**ASSIGNMENT:** The result should be all the records, exact and complete, without a single picture.

[Captioned web image data]

++++++++++

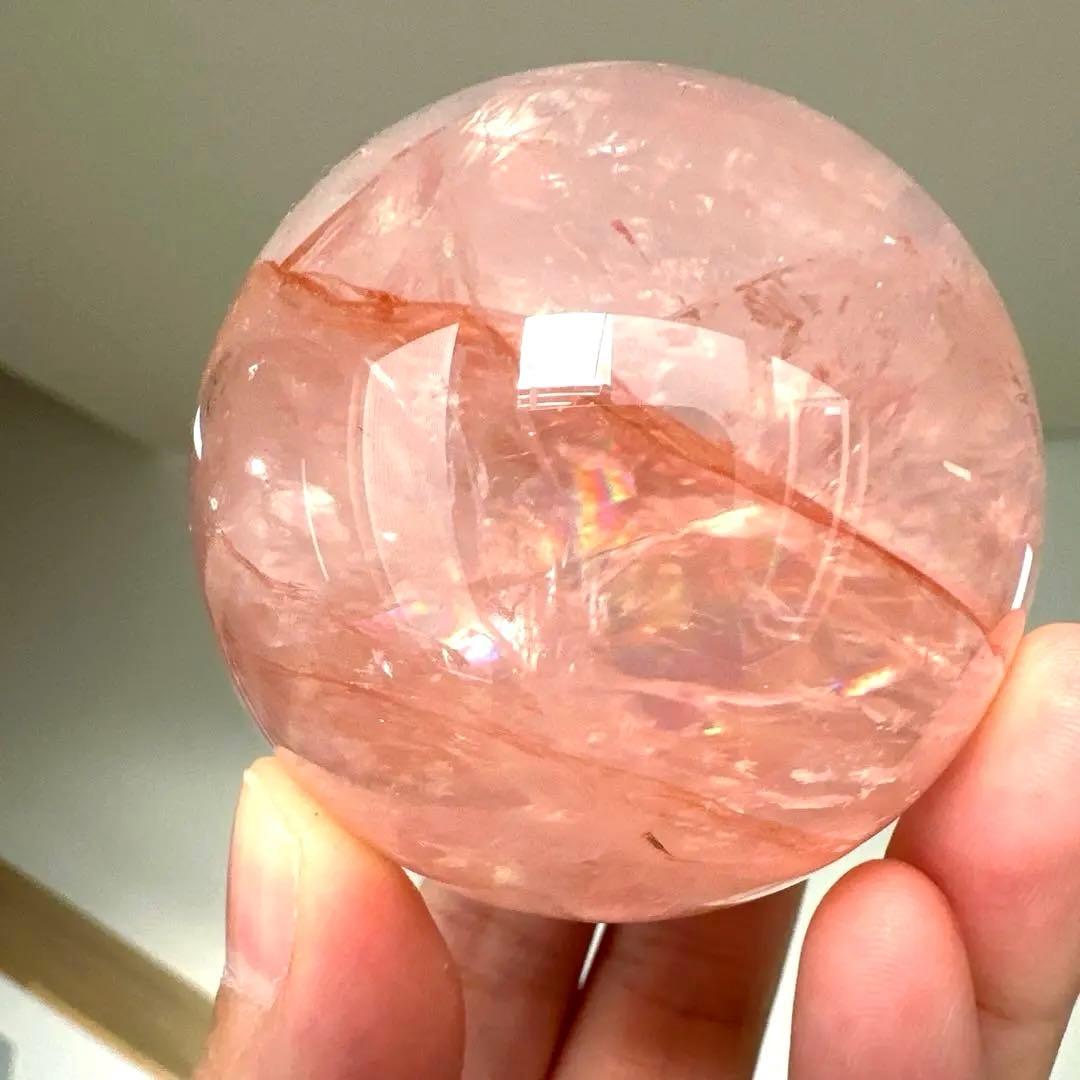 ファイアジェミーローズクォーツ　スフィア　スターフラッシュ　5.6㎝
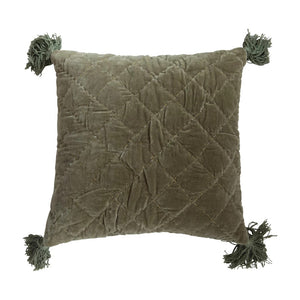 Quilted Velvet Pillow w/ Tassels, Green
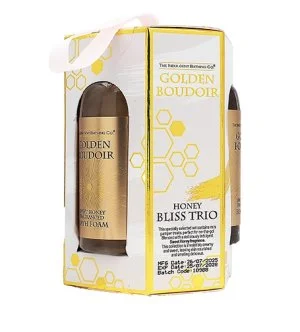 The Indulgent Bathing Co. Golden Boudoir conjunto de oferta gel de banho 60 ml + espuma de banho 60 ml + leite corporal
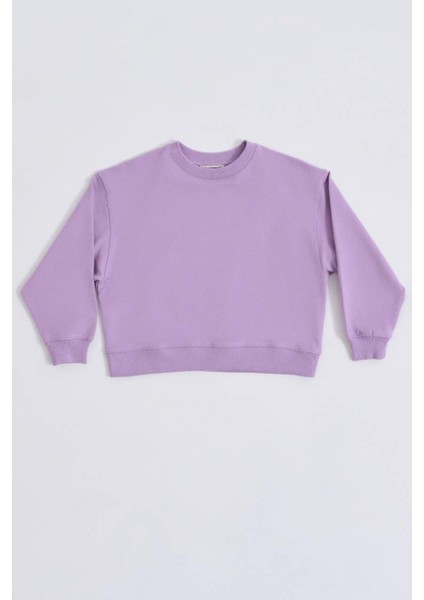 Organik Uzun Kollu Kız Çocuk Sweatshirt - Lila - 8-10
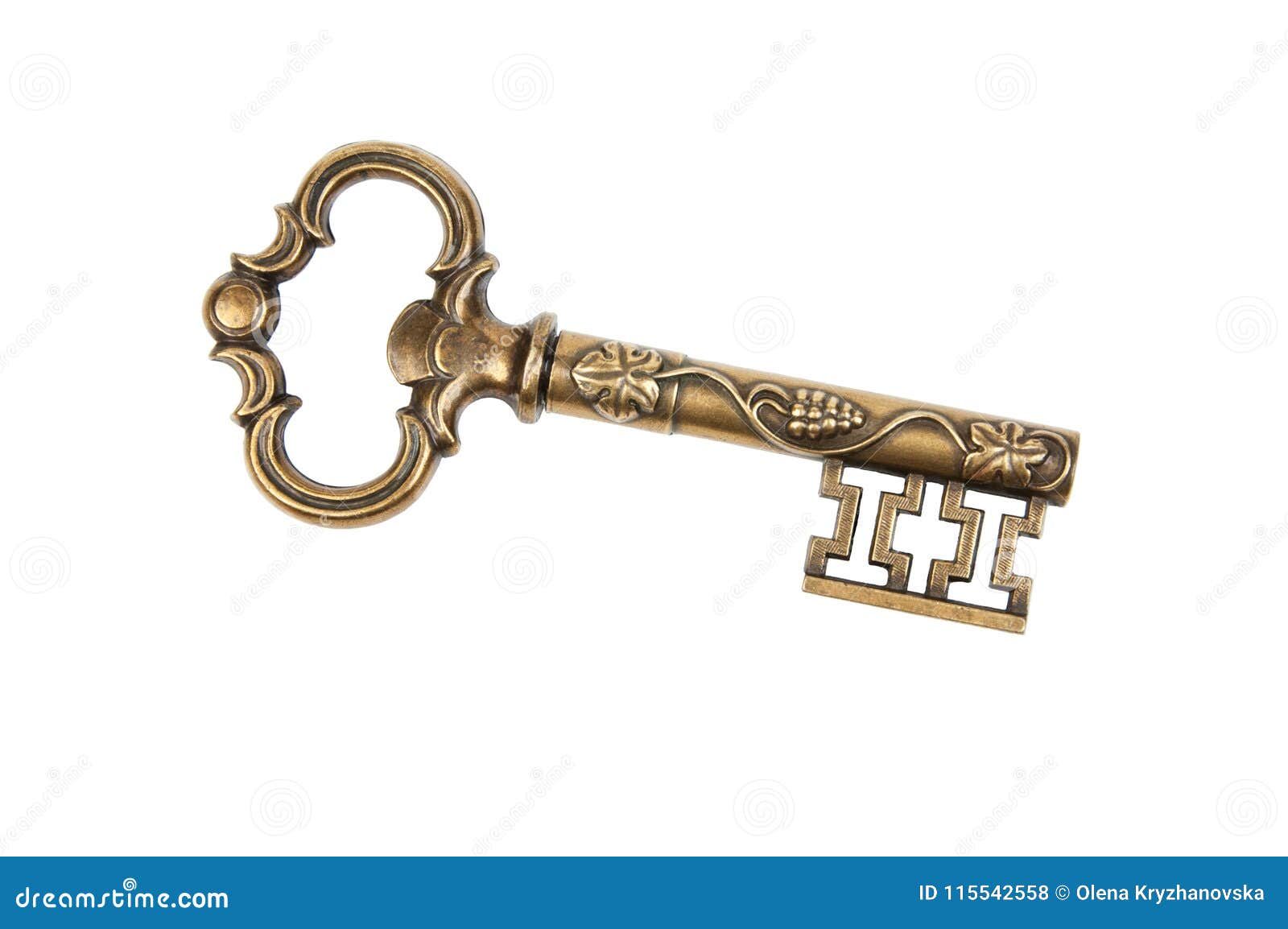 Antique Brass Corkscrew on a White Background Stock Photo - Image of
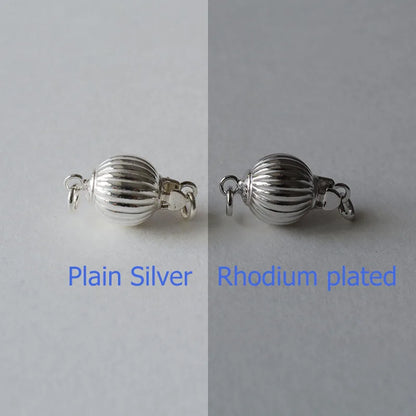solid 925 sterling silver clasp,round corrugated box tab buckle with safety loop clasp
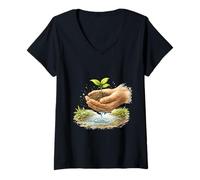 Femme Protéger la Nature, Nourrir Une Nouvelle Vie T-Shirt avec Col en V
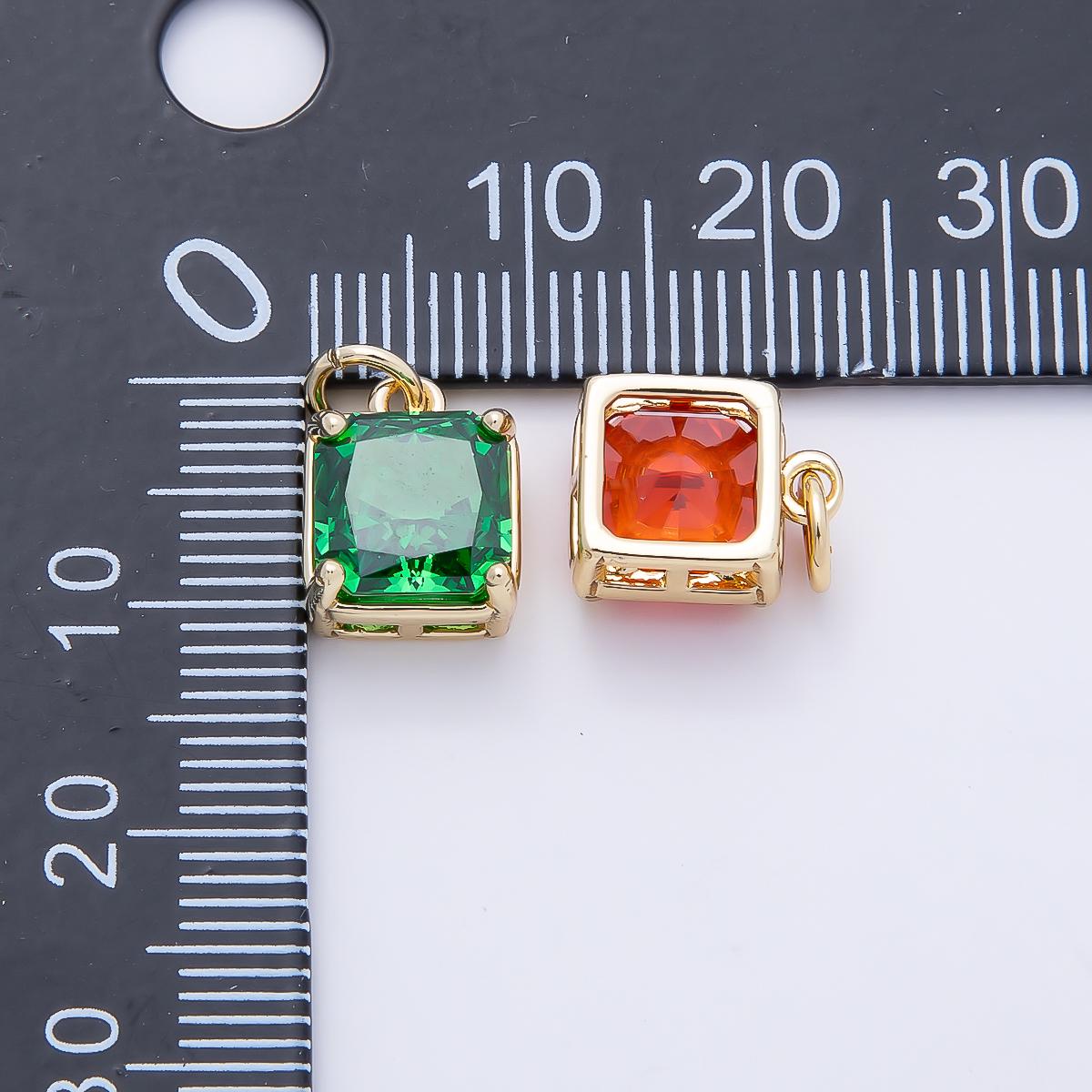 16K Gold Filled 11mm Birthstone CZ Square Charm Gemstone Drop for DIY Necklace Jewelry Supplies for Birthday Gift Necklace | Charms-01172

++++++++++

**FINISHED EXERCISE:**
 ファイアジェミーローズクォーツ　スフィア　スターフラッシュ　5.6㎝
 Quilted Velvet Pillow w/ Tassels, Green
 The Indulgent Bathing Co. Golden Boudoir conjunto de oferta gel de banho 60 ml + espuma de banho 60 ml + leite corporal
 Organik Uzun Kollu Kız Çocuk Sweatshirt - Lila - 8-10
 Antique Brass Corkscrew on a White Background Stock Photo - Image of
solid 925 sterling silver clasp,round corrugated box tab buckle with safety loop clasp
 Femme Protéger la Nature, Nourrir Une Nouvelle Vie T-Shirt avec Col en V
 16K Gold Filled 11mm Birthstone CZ Square Charm Gemstone Drop for DIY Necklace Jewelry Supplies for Birthday Gift Necklace | Charms-01172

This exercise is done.